Crux Investor’s Warning and Advice

Crux Investor notes that single-asset companies are in an unenviable position. The company is so invested in developing one particular project that bias tends to enter into the decision-making process. “We have come so far that the only way is forward….” and “Mines are Made not Found”. Greater objectivity and better decision-making can be found in companies with multiple assets. Multi-asset Companies have greater balance sheet stability, which can empower management to take long-term decisions with greater impartiality than the choices facing management running single-asset companies.

An additional factor is that technical reports are not generated by truly independent agencies.
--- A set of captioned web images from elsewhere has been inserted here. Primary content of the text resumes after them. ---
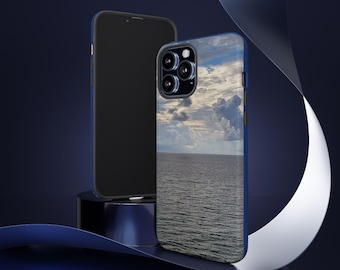 Ocean Cloud: robuust 2-laags telefoonhoesje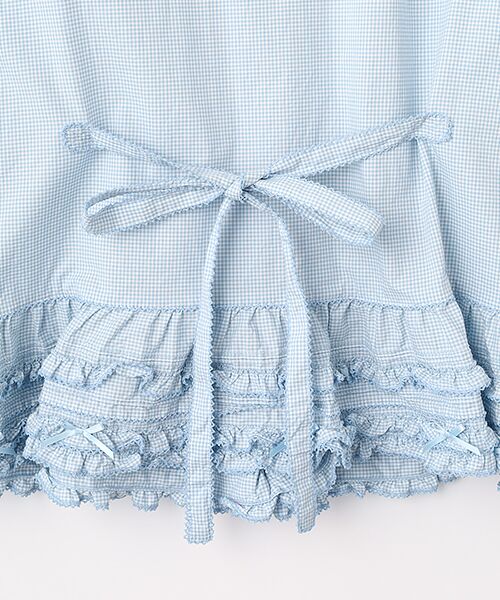 PINK HOUSE / ピンクハウス ベスト | リボンモチーフいっぱいベスト | 詳細7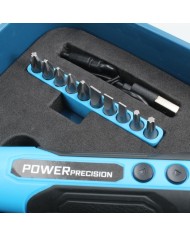 ATORNILLADOR FSK 3'6V. MALETIN+ACCESORIOS POWERPRECISION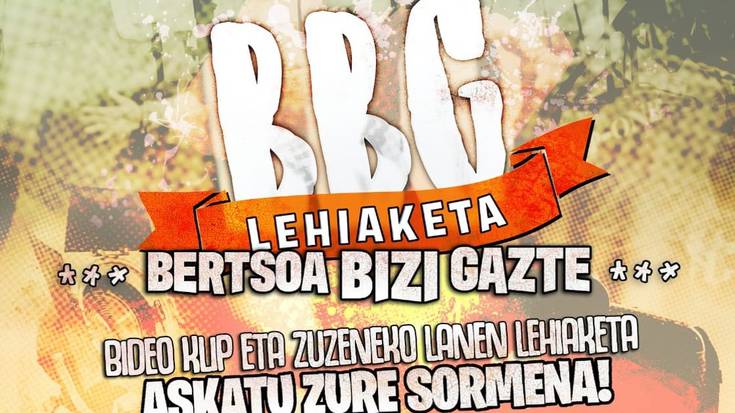 Zailtasunak zailtasun, Bertsoa Bizi Gazte lehiaketa aurrera ateratzea lortu dugu!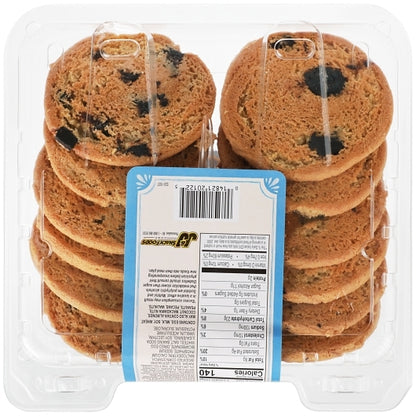 Hill & Valley Sugar Free Chocolate Chunk Cookie, 8 x 15 oz Case - DOT product image 6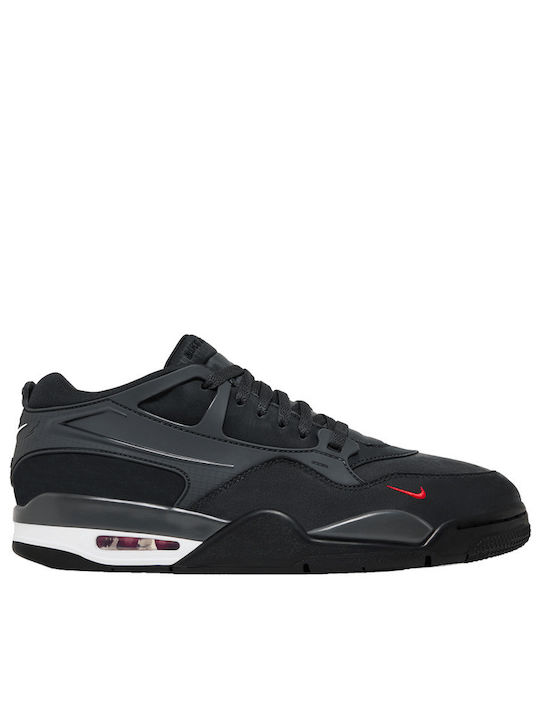 Jordan Air Jordan 4 RM Adidași Pentru Bărbați Tip Botine Negri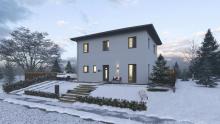 MODERNES WOHNHAUS MIT ELEGANTEM WALMDACH Haus kaufen 86657 Bissingen Bild klein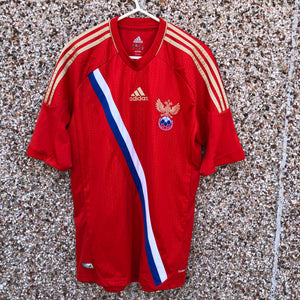 2011 13 Russia home Football Shirt - S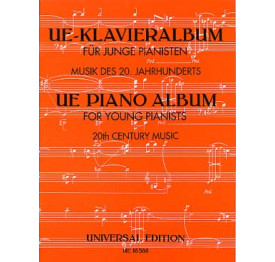Piano album for young pianists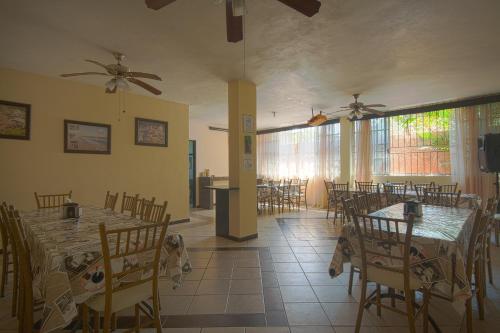 Restaurant, Hotel Maria Elena in Ciudad Madero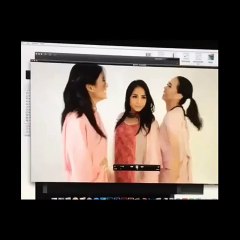 Gaya gokil Nagita slavina saat pemotretan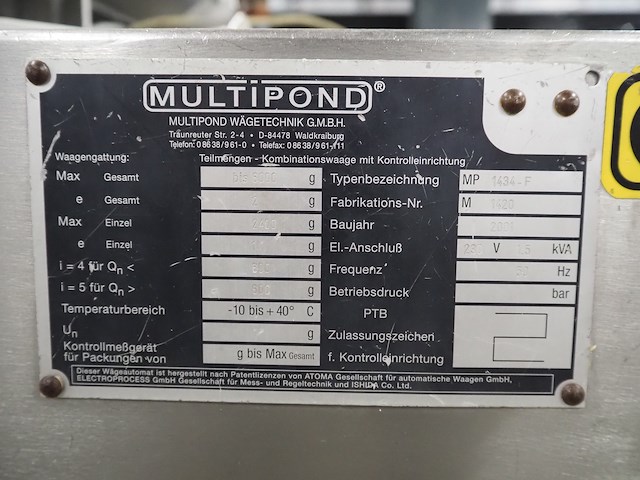 Multipond - afbeelding 9 van  9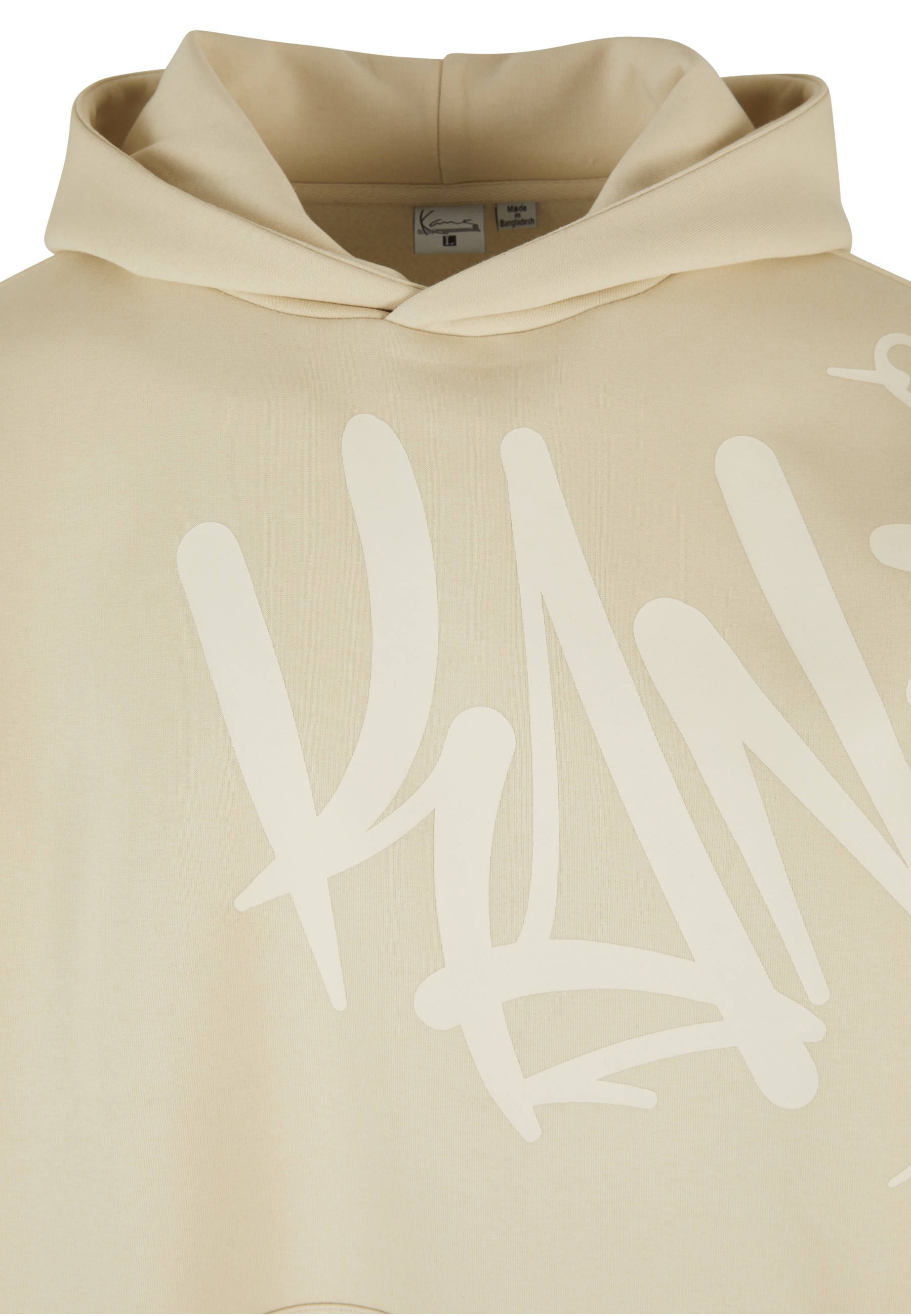 Thumbnail - Karl Kani Kapuzenpullover "Karl Kani Woven Signature Kani Tag Os Hoodie" 1 Stk.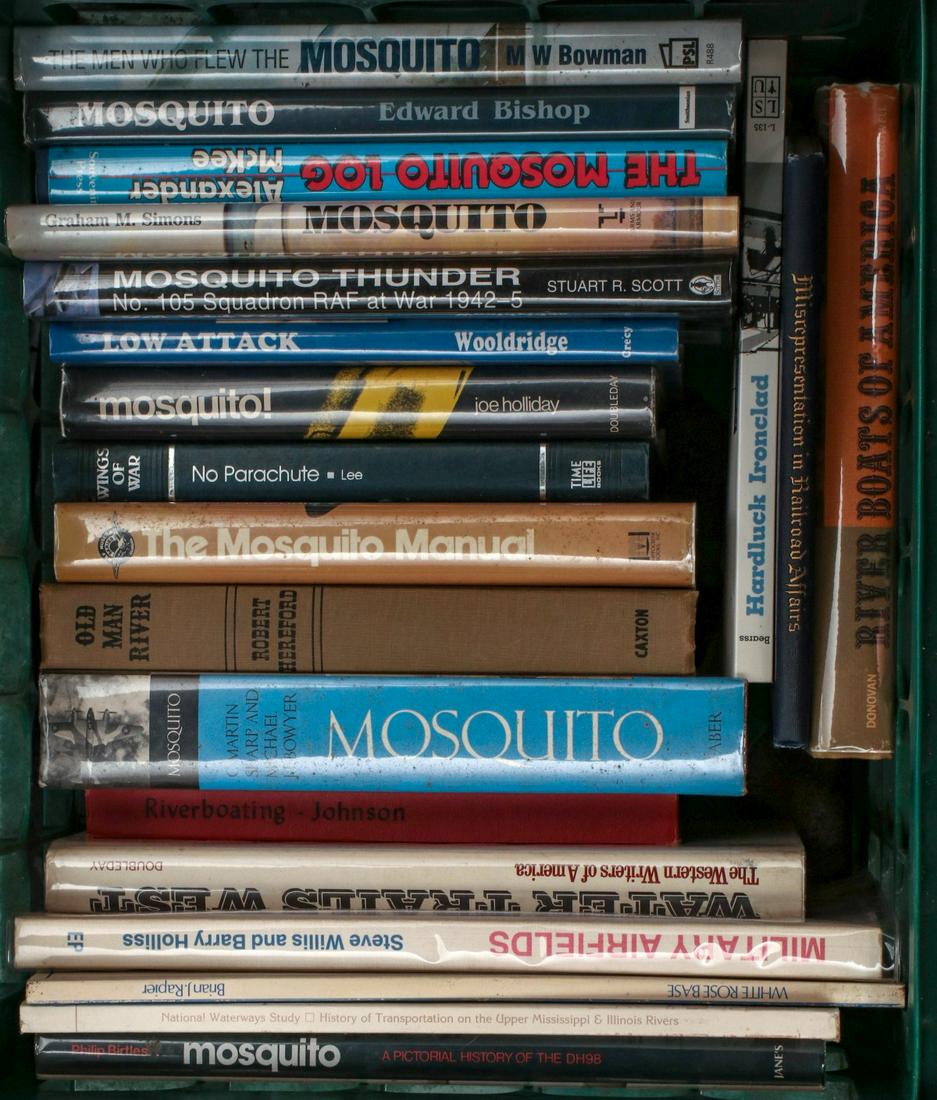 AVIATION, WATERWAYS, MILITARY HISTORY (1 of 14)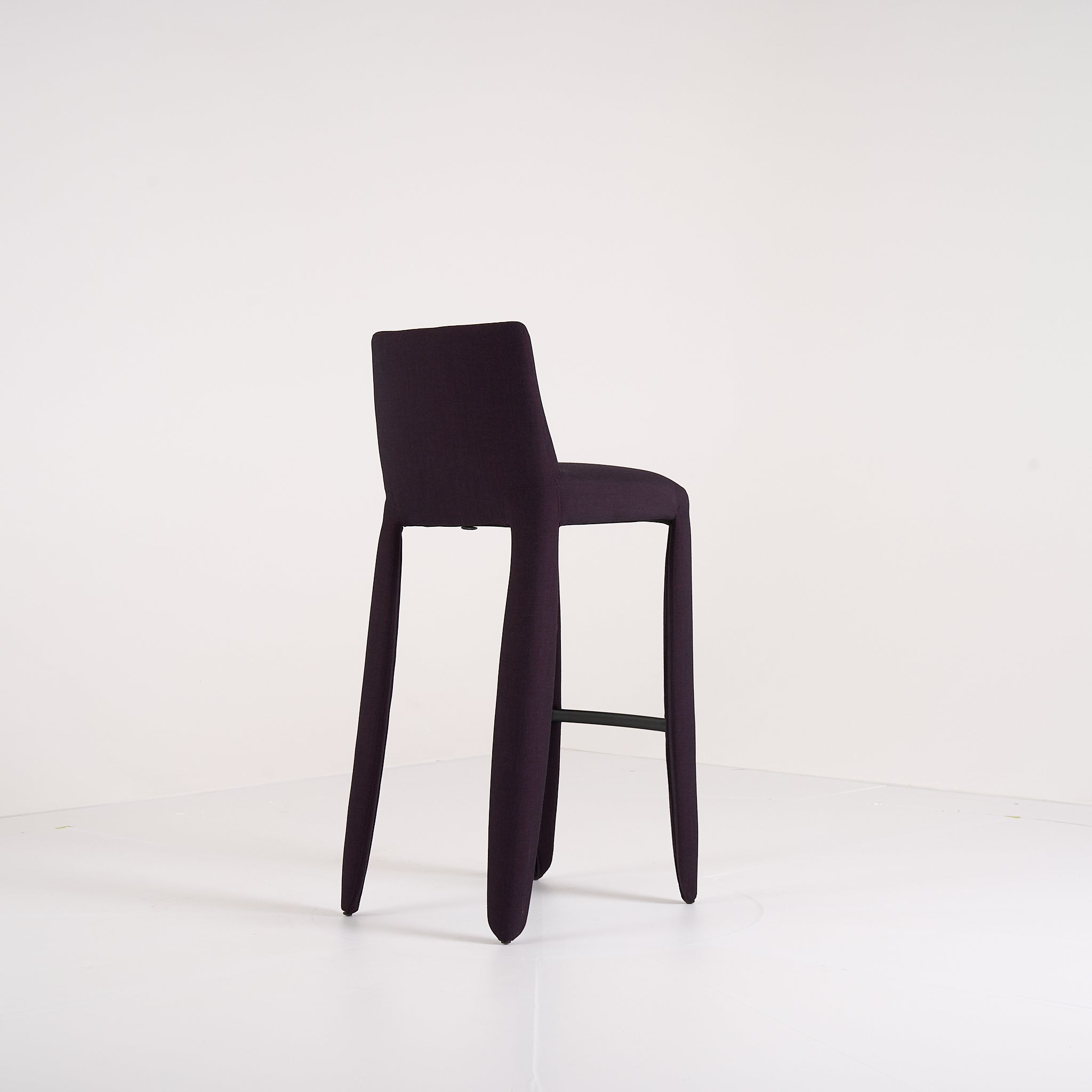 Monster Bar Stool (High) by Moooi in Naked, Remix 3 Fabric | Open Box – Excellent | Shop Now | MO-MOO-8718282763866-168-Hero Image-4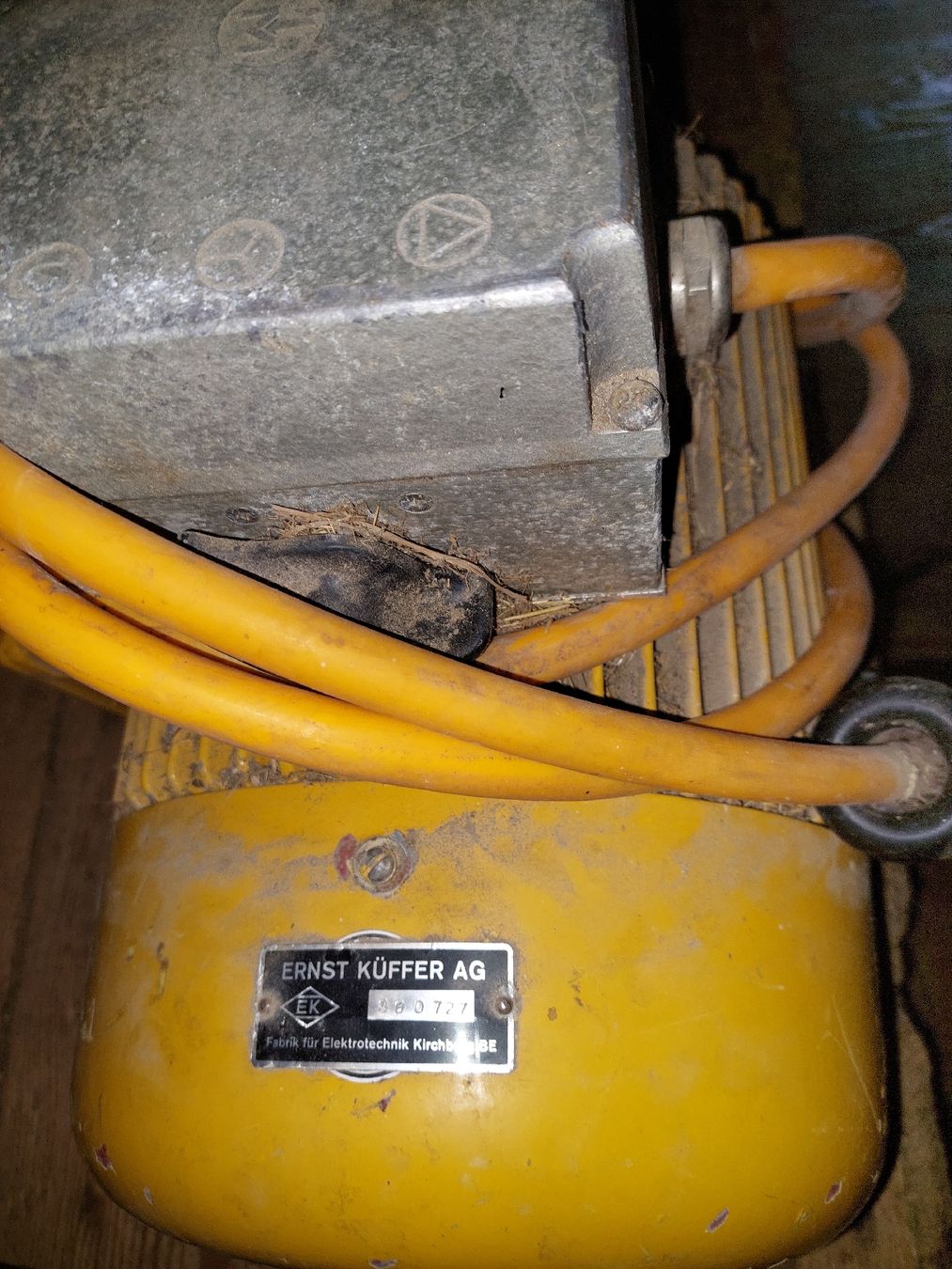 Moteurs: Elektromotor/Stationärmotor – D'occasion à Obergoldbach par hof_q85f 1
Consultants will typically work hard to ensure a favourable outcome on the project is reached. Consultancies are businesses that make money from doing more work with existing clients (as well as picking up contracts with new clients). A negative report typically does not lead to more work and therefore technical reports have a tendency to be positively biased. Remember also that technical reports are often a collaboration by many different consultants. It only takes one consultant to include an unrealistic assumption, or to overlook key data, for the entire calculation to be flawed.

Crux Investor believes that for as long as the authorities fail to penalise agencies for being blatantly wrong, technical reports will have a positive bias. Note that the degree of bias is proportional to the marginality of the project. More bias is likely on a marginal project than on a high margin project.

All mining companies and any serious investors should compare the input assumptions for economic studies with actual results from similar operations.  This report has illustrated how important it is to check the credibility of suggested cost parameters by carrying out a benchmarking exercise.